Imaginemos o quanto isso abalaria nossa estrutura psicológica, nossos medos aflorados, nossas dores expostas dentro de nós e nesse território do nada. Imaginemos nossos adolescentes sucumbindo ao desespero da falta de saída e se suicidando aos dez, doze anos de idade…

Agora, pensemos que muitas pessoas sabem disso. Que diversas autoridades, que deveriam ser responsáveis pelo bem estar de todos e todas, têm conhecimento e até eventualmente testemunham isso. Será que não nos revoltaríamos? Não nos perguntaríamos por que meu povo não está sendo considerado, por que estamos nessa situação, o que fizemos para merecer tanta humilhação e desprezo? Quem não reagiria, nessa condição? Quem não iria querer lutar por sua vida e suas coisas, mesmo contado só com aquilo que lhe resta, que são a força e a sabedoria de se organizar e ocupar para fazer valer, na retomada de quem sabe que, se nada fizer, nada terá.

Como sabemos, essa não é uma história fantástica. Lamentavelmente, ela é real e cotidiana, quer na vida desse Povo, quer na de inúmeros outros indígenas e quilombolas do Brasil. Observe-se que os Kaiowá-Guarani sequer reivindicam todo o território ao qual de fato teriam direito. Nas atuais circunstâncias, lutam apenas pelo acesso à Reserva Ecológica obrigatória existente em meio à imensidão da soja tóxica plantada nas terras que lhes foram roubadas. Mas mesmo isso lhes está sendo negado.

Para o GT Combate ao Racismo Ambiental, a situação dos Guarani-Kaiowá é um reflexo de uma racionalidade criminosa que acomete uma sociedade eticamente doente.
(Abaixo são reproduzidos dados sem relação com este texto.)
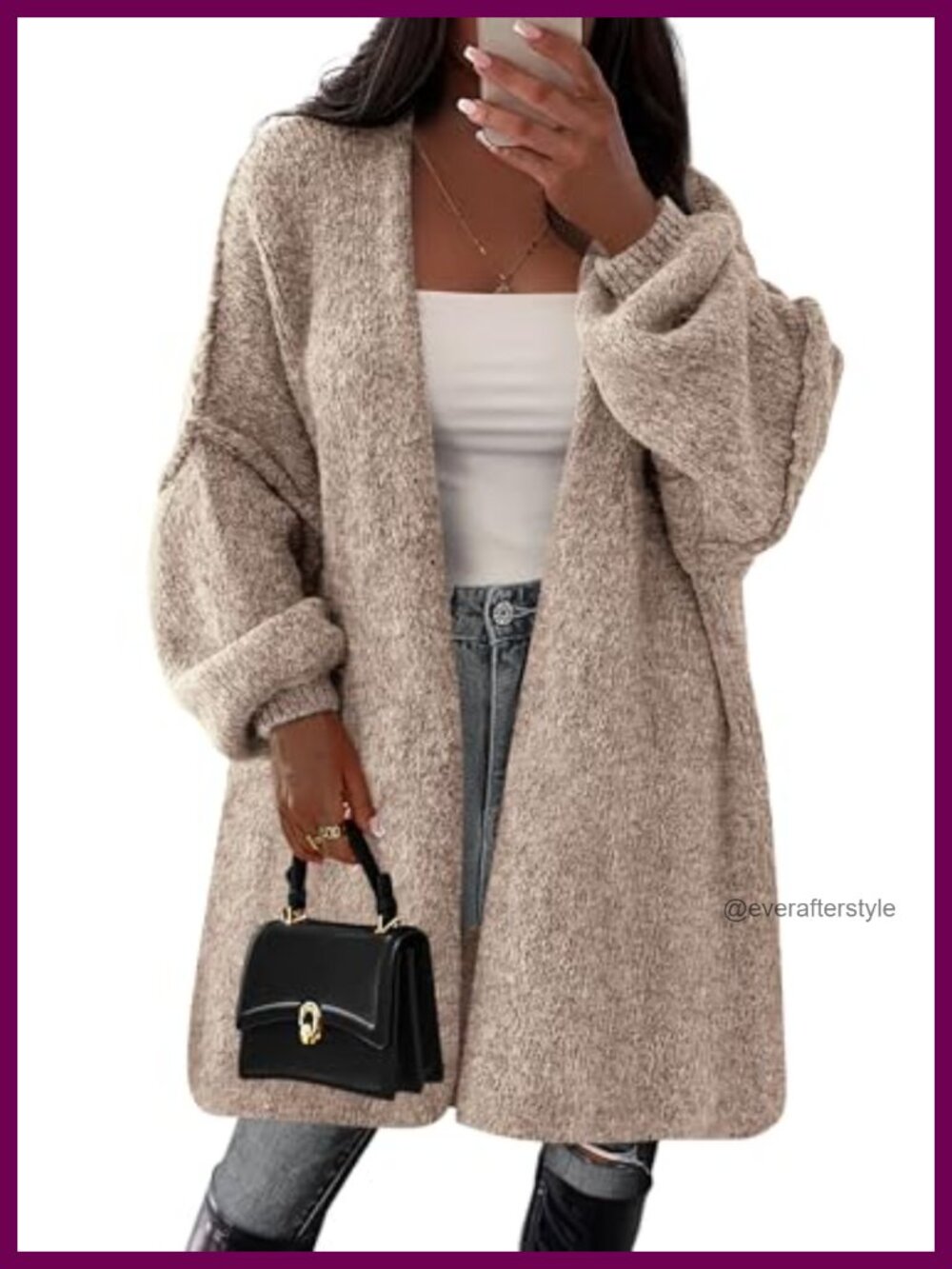Oversized Long Knit Cardigan Sweater Open Front Mid-Thigh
E não só: que faz também adoecer, com sofrimentos que são considerados e tratados com pesos e medidas diferentes e desiguais, dependendo da cor, da etnia, da raça, da classe e do gênero.

Na visão hegemônica, sofrimento de índio não comove, ou só comove aos demasiado românticos. Justiça para índio é atraso. Povo indígena com direito é entrave ao desenvolvimento. Maternidade indígena é animal. Infância indígena é ameaça ao futuro desenvolvido. Idosos indígenas são estorvos de ninguém. Território indígena é terra a ser saqueada. Cultura indígena é folclore insignificante e passageiro. Simbologias, tradições e crenças indígenas são a infância do mundo; a ausência de deus.

Não é à toa que, mesmo com os avanços conquistados pelas lutas sociais no reconhecimento das perdas e usurpações que atingiram e atingem os povos originários, as leis nacionais e internacionais deles consequentes ainda não garantam aos indígenas a justiça e o direito à existência e à vida digna.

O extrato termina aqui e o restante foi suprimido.